I had e m d r for similar and it was relatively quick and worked! My e m d r therapist said counselling could make things worse. As I understand it when you have ptsd your memories are stuck in the happening now part of your brain rather than them being in the past bit of your brain. E m d r helps moves them to the right place. You still remember what happened and feel sad but it feels like something in the past and not so acute.

purplemonsta15 Mon 20-Jun-16 09:12:56

be aware that some Trusts charge up to £50 for your medical notes, but if you get your therapist to do it for medical purposes you can get them for free.

yes the 'happening now' is exactly how my CBT therapist described it. it will get worse before it gets better but as long as you follow your therapist you should start to feel changes that will eventually help cope with the emotions and 'file' the memory in the correct place.

also I would add that it would be worth to speak to your partner about it too. my partner thought that he was useless and powerless to stop my pain then and now, and it has caused problems. see if he can come along to a session to see that its understandable and isn't his fault

oldharrysgame Mon 20-Jun-16 10:04:02

Don't ever be fobbed off with "oh well, you've got a healthy baby so it was all worth it/just put it behind you". I hope you get the help you need because you definitely need it. I did. It's what you and your family deserve. Flashbacks are truly horrible.

oldharrysgame Mon 20-Jun-16 10:07:03

Also second pp comments about help for your partner - they will be traumatised too and full of conflicting emotions. It is assumed that they can cope. This horrible visceral thing affects partners too.

MiaowTheCat Mon 20-Jun-16 10:30:32

I went through it with DD1 4 years ago now. I was appallingly treated and, although the pain of it's numbed with time, I still have flashbacks at certain triggering times of year now (usually the night before DD1's birthday is a big one for me).

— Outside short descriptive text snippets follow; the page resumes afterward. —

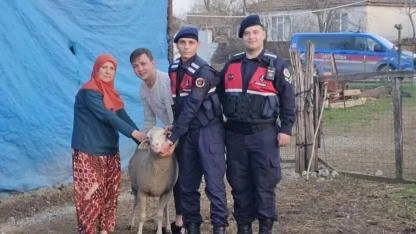 Biga’da Kaybolan Sürüyü Jandarma Buldu: 24 Küçükbaş Hayvan Sahibine Teslim Edildi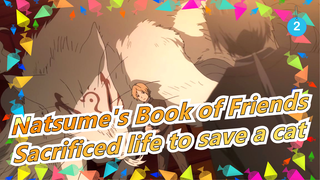 Natsume'sBookof Friends|Madara&Natsume-S4E2 Natsume sacrificed to save a cat in Oriental Forest_1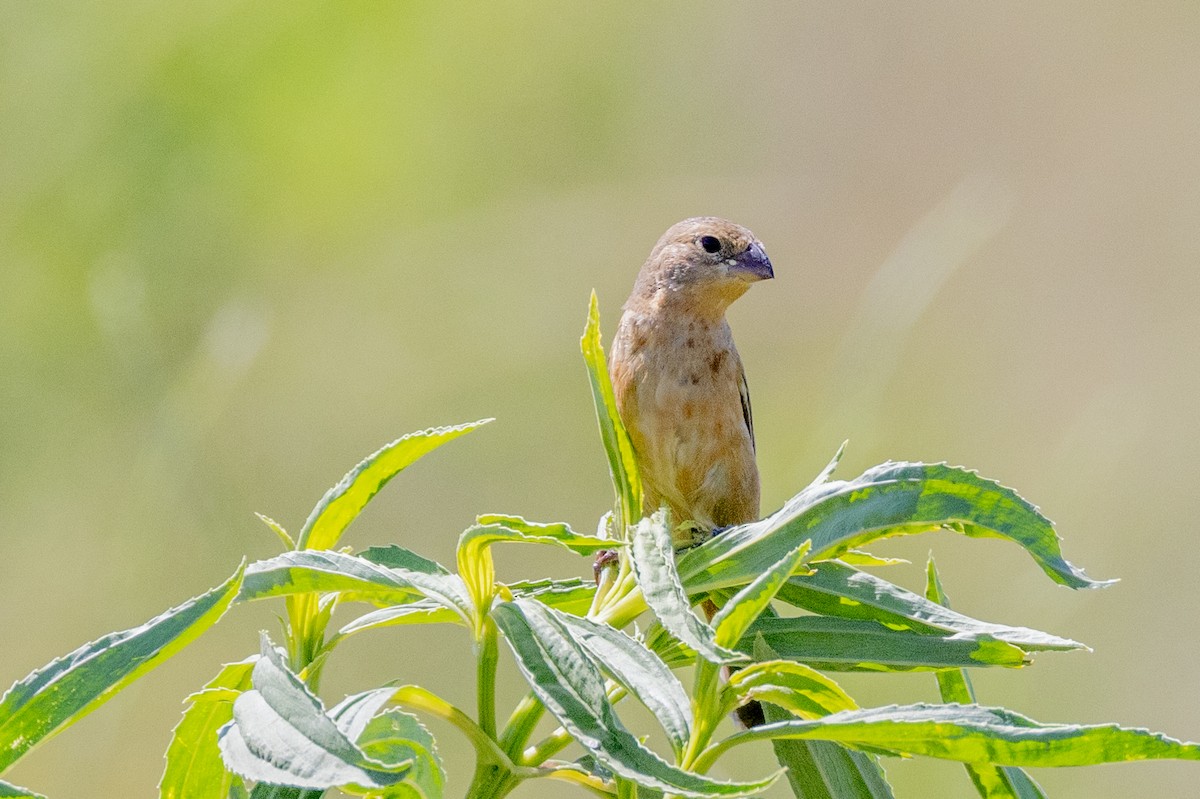 Tawny-bellied Seedeater - ML615659433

It did a huge chunk of damage to my marriage - we've never 100% made it back from where we got to and I'm a completely different person as a result of it all - still on antidepressants now years down the line and I've no bloody intention of coming off them and spending my entire life feeling shit!

The "oh well baby's here now" comments really wind me up. I put it behind me every day of my life dealing with everyday life, enjoying the kids etc... it's still there, and it still causes me problems - but you get the odd idiot thinking you choose to dwell on it and wallow in the trauma and crap like that.

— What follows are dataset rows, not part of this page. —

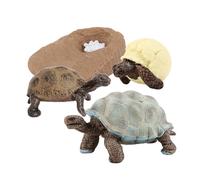 Ciclo di vita realistico in plastica della tartaruga che impara gli aiuti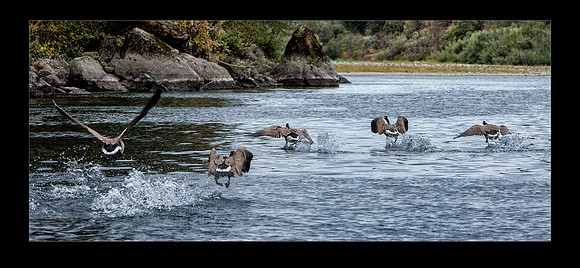 _MG_1523-24a Takeoff 20x16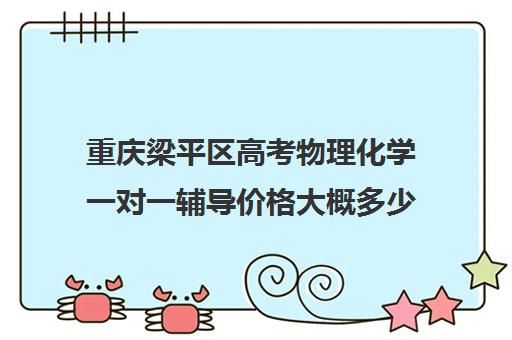 重庆梁平区高考物理化学一对一辅导价格大概多少钱(高中物理一对一辅导价格表)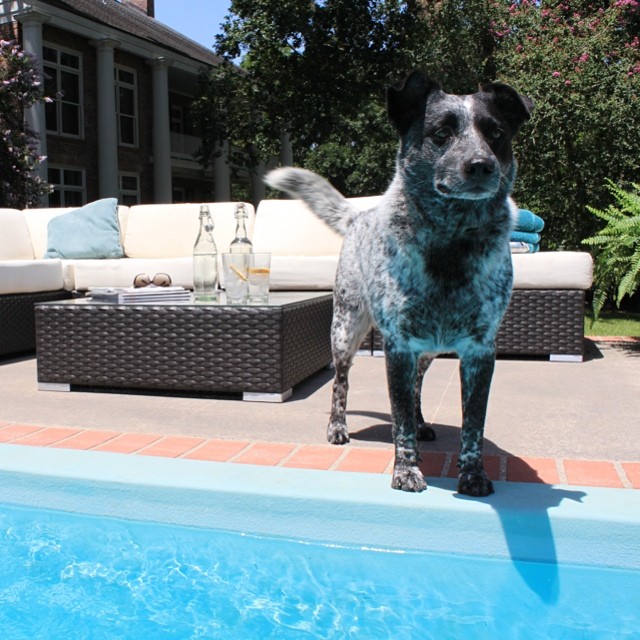 Summer Fun with Bocagrande!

I had counselling which helped a bit (the analogy I got given by someone was that it's like packing a suitcase - you can shove all the crap in and slam it down but it's never going to shut easily or stay shut, but if you take each bit out, fold it up properly and pack it away neatly then it's much easier to close the suitcase up and get on with your holiday... one of my counsellors has now nicked that analogy for future clients!) I think the best thing for me though (not that I'm advocating this one!) was that I ended up pregnant with DD2 very very quickly after DD1 (we're talking one night and I was upduffed again) and her birth went so smoothly, plus the staff at the other hospital were so kind and caring and horrified by what I'd been through before, that I realised I had had an utterly abnormally shit time with DD1 and hadn't just been some kind of crap woman who'd "failed" at childbirth.

purplemonsta15 Mon 20-Jun-16 17:53:09

Miaow - before labour i did say i wanted another child not too long after this one, but the thought just fills me with dread. I really want her to have a sibling, but im terrified itll happen again.
Im contemplating that - if we do have another - of going private. I dont think i could go through the whole experience again
Even after the birth when we were in the maternity ward, i still couldnt get pain killers because everytime i asked they went to get them and never returned. My baby wasnt feeding either. Nobody cared. I had to physically get out of bed (which was painful beyond belief with an episiotomy), walk down corridoors, and literally yell at someone to help me. I never want to do it all with the NHS again

oldharrysgame Mon 20-Jun-16 18:44:29

Sadly purple I know exactly how you feel.